At the head of any successful business, whether it is a restaurant, department store, or a Fortune 500 company dealing with millions of dollars each year, every company needs a strong, well trained, and competent leader to keep things in order and on track. This person is most often referred to as a business manager.
With employees to oversee, schedules to make and keep, marketing and promotional strategies to devise, and tough decisions that will affect the entire company being made each day, the average business manager must have confidence, intelligence, and a knack for being able to think quickly on their feet. Dealing with this wide variety of issues on a daily basis requires patience and dedication; qualities no business manager should ever be without.
While the responsibilities of any business manager can vary wildly depending on the business type, the quality of the supporting workforce, and the particular issues an individual operation faces in the course of a normal day, there are a few general things every business manager can expect to deal with each day.
Most employers will look for a potential manager to show a certain degree of proficiency in one or more of several different fields that relate to the business they operate. The applicants’ chances for securing the position they desire tend to increase if they show themselves to be more than simply proficient in a few of these.
Although not a complete list and certainly subject to the sort of business being managed, a few of the more common responsibilities of a business manager include dealing with sales, research and development, statistical analysis, accounting, personnel, marketing, time management, business law, data entry and processing.
Training and Education
As with most careers, a certain amount of specialized training is most often something any potential employer looks for on every resume they receive. However, this does not necessarily mean that anyone who desires to become a business manager must first obtain a bachelors degree or more to be considered qualified for a business manager position.
Depending on the business being applied to, applicants may find that a high school diploma or the equivalent of one, along with the successful completion of some sort of concentrated secondary educational courses, can often be enough to get the attention of employers.

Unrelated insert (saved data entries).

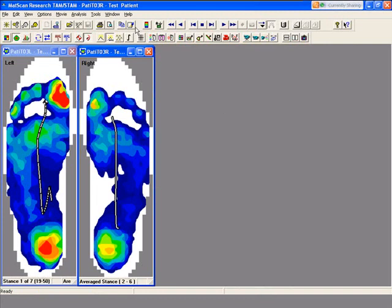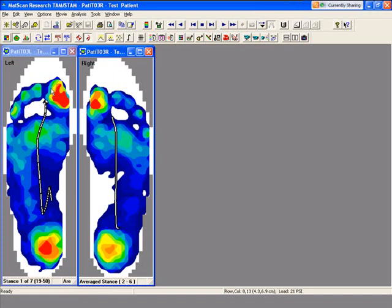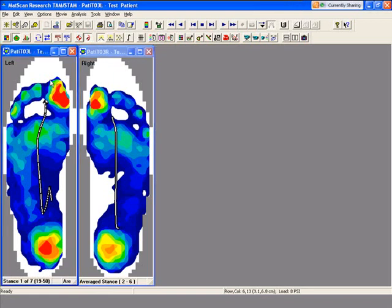We'll keep the middle stances, and now what it's created is an average stance of 2 through 6 and the pressure distributions for those averages. Now we'll click on the left foot and do the same thing.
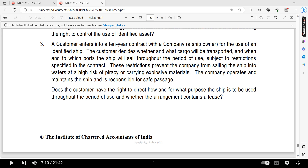The restrictions prevent the company from sailing the ship into waters at high risk of piracy or carrying hazardous materials. The company operates and maintains the ship and is responsible for its safe passage. Does the customer have the right to direct how and for what purpose the ship is to be used throughout the period of use, and does the arrangement contain a lease?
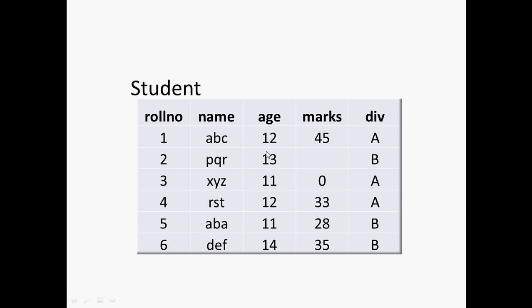For an example, if I want to make this age 13 to be as 12, then we will use update information, update queries, or we can even add or delete the existing information.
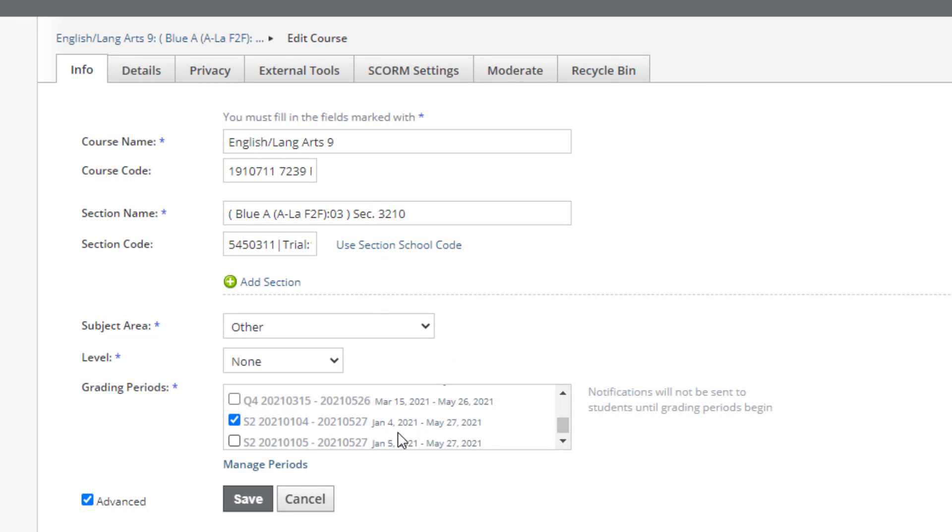Once you have confirmed that the dates are going to work to allow students to access courses on January 5th, to make sure they are members of all their correct classes before school starts, just click Save.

In some cases though, a more thorough and comprehensive educational background is a requirement for serious consideration. In these instances, a two year Associates Degree or a four year Bachelors Degree are most likely the keys needed to open these doors of opportunity. Almost any college will have a degree program designed to prepare students for careers as business managers, and in many cases, an eclectic mix of courses that cater to the needs of any student, such as business communications, administration, and business accounting.
Salary and Wages
In much the same way as trying to define the responsibilities of and educational requirements for a business manager, the question of salary and wages poses many of the same problems. With literally millions of individual companies and corporations operating around the globe, trying to pinpoint an “average” salary figure can be a recipe for frustration.
Nevertheless, a starting base salary is usually where most contract negotiations begin. Most companies offer business managers healthcare benefits, sales and performance based monetary incentives, stock options, profit sharing programs, paid vacation and sick leave time, and a variety of different sorts of bonuses that are given for any number of reasons throughout the year.
Altogether, the average yearly income for a business manager can range from around $50,000.00 to upwards of more than $100,000.00 per year, with many of the larger, more profitable corporations paying far more than this. Again, it all really depends on the business and the prospective manager.*
*According to the BLS, http://www.bls.gov/oco/
The list of professional certifications and the organizations governing them is as diverse in nature as the profession itself. For every different facet of business management out there, there are several certifications available for those willing to prepare and be tested.
Some of the better known and well respected of these are the National Contract Management Association, the Human Resources Certification Institute, and the Project Management Institute. All of these associations offer several different types of certifications as well as classes designed to prepare examinees for certification exams. Depending on the person and their needs, there are more than enough options to choose from.
When it comes to finding a professional organization or association that is centered on fulfilling the need for continuing education and updated training for the business managers of today, luckily there is no shortage of available options. These organizations are often the very best way for younger, less experienced mangers to learn the ins and outs of the business world as well as sometimes providing benefits, such as group healthcare insurance and travelling discounts, for their members.
While many of these organizations do try to cater to a certain group of professionals, there are several that are more general in nature and are a great place for any business manager to start learning more about what is available in this respect as well as the chance to do some invaluable networking; yet another item on their long and imposing list of responsibilities.